Exercise prompt >> Find the line that contains "Croce Cristiana Luce" in the entries below. Write out that line and all that follow it, unchanged and alone.

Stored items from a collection
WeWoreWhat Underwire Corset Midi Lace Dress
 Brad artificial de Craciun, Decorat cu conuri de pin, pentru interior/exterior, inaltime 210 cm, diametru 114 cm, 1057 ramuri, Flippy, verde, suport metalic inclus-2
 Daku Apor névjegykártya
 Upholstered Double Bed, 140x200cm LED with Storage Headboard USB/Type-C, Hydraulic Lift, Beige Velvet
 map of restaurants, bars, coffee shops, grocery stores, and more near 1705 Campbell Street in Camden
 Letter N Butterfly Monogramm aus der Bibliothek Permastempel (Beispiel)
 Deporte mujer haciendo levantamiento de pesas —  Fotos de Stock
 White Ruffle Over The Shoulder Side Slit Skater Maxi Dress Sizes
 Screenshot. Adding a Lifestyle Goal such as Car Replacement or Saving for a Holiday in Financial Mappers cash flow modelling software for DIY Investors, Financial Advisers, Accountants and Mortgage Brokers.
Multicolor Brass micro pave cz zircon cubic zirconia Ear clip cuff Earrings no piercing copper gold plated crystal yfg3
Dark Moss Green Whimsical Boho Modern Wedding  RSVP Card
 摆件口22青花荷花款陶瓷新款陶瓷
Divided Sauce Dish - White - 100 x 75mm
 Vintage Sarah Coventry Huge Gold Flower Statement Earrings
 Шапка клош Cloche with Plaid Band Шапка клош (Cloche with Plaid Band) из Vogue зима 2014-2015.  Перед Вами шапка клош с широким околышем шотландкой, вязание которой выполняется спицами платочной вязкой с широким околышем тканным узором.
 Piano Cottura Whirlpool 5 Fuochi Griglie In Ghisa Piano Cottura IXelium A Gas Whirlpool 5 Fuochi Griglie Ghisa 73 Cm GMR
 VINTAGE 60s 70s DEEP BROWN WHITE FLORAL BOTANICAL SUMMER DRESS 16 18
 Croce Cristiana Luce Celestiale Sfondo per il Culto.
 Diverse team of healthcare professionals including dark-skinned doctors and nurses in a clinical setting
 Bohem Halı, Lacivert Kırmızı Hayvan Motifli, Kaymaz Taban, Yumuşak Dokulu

Output for this task >>
 Croce Cristiana Luce Celestiale Sfondo per il Culto.
 Diverse team of healthcare professionals including dark-skinned doctors and nurses in a clinical setting
 Bohem Halı, Lacivert Kırmızı Hayvan Motifli, Kaymaz Taban, Yumuşak Dokulu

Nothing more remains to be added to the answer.